=== DATA TO USE ===

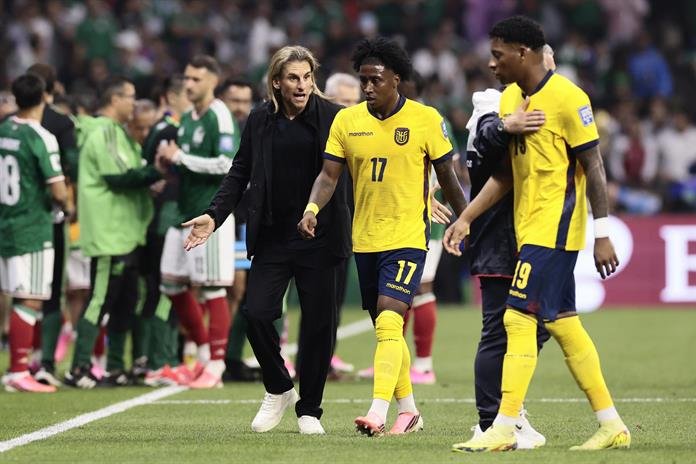 Ecuador eliminado del mundial, en un partido flojo perdió 0-2 ante México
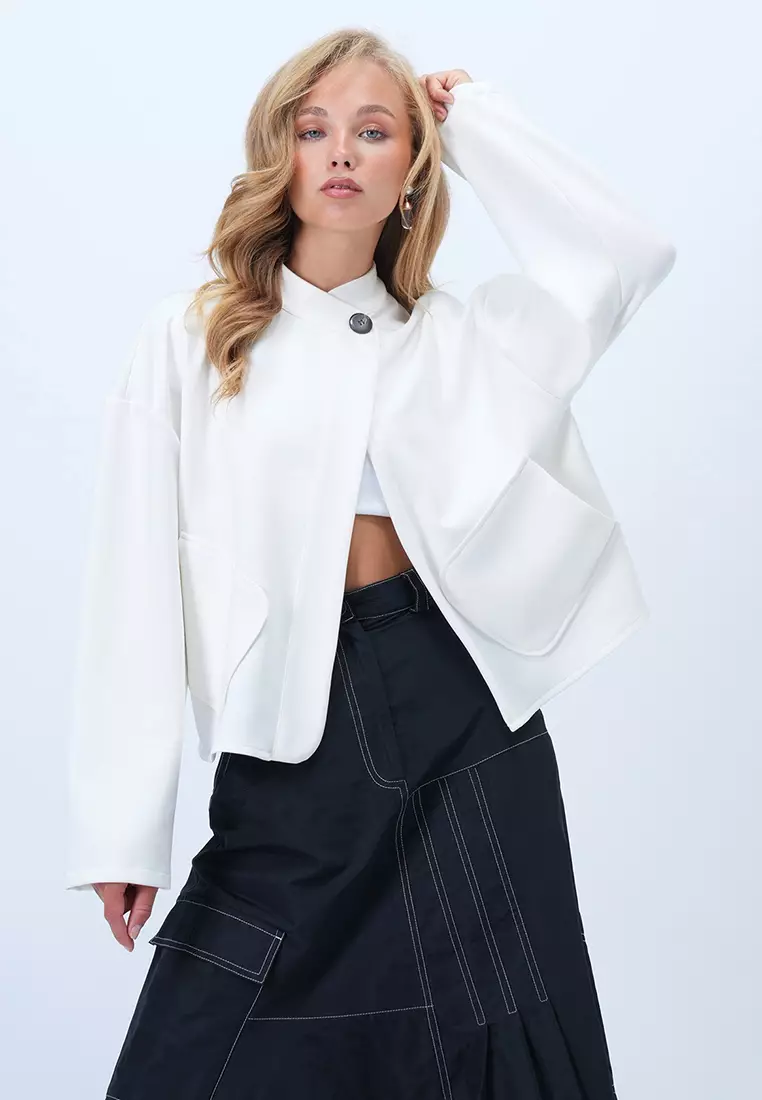 Buttoned Collar Poncho Jacket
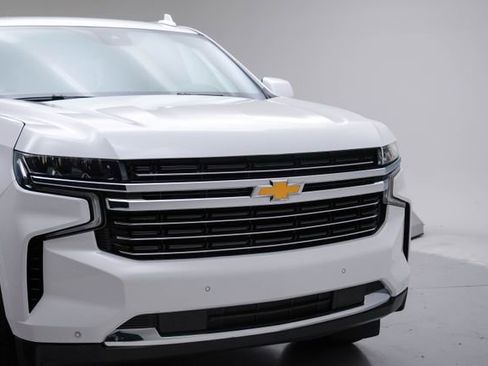 Used 2024 Chevrolet Tahoe LT AWD/4WD image 11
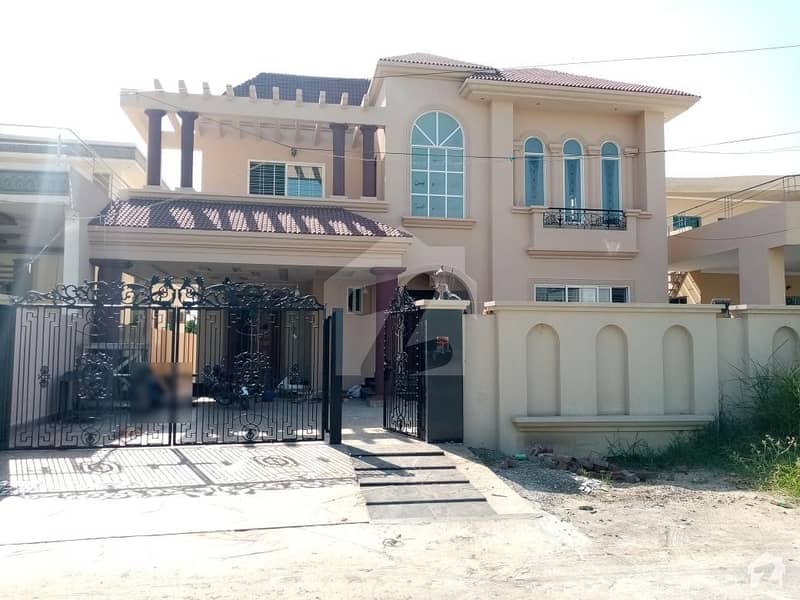 House Available For Sale In DC Colony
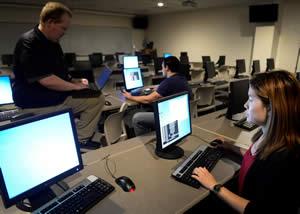 Stephen F. Austin State University’s College of Sciences and Mathematics recently received approval to offer a new Master of Science in cybersecurity. Professors in the Department of Computer Science are busy planning to launch the program’s core courses in spring 2018.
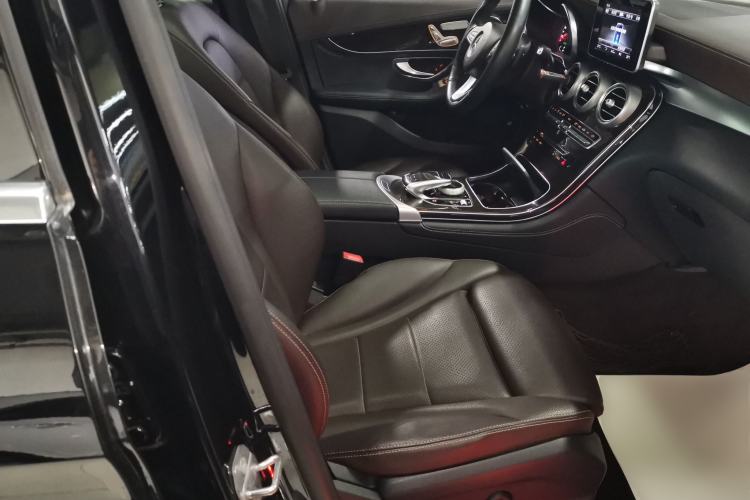 Used Mercedes-Benz GLC 2018 Facelift GLC 260 4MATIC Luxury Edition Right Front Seat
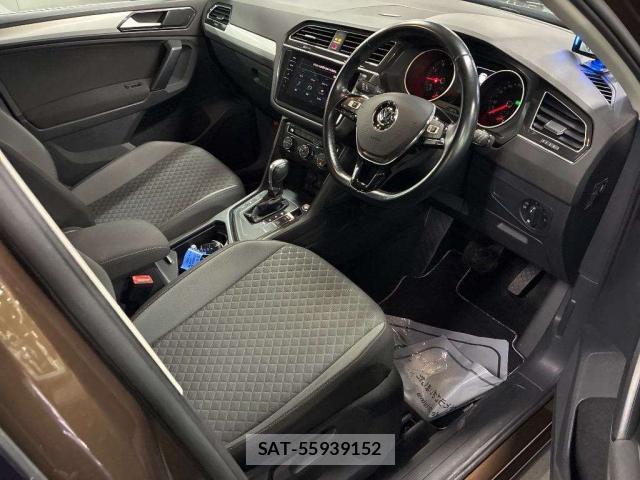 VolksWagen TIGUAN 2017-12 7811464-12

===

TASK ITEM: Only the lines from the one containing "Used Mercedes-Benz GLC" through the end of the records above should be retyped, exactly as they stand, with any pictures left out.

ANSWER SECTION:
 Used Mercedes-Benz GLC 2018 Facelift GLC 260 4MATIC Luxury Edition Right Front Seat
 VolksWagen TIGUAN 2017-12 7811464-12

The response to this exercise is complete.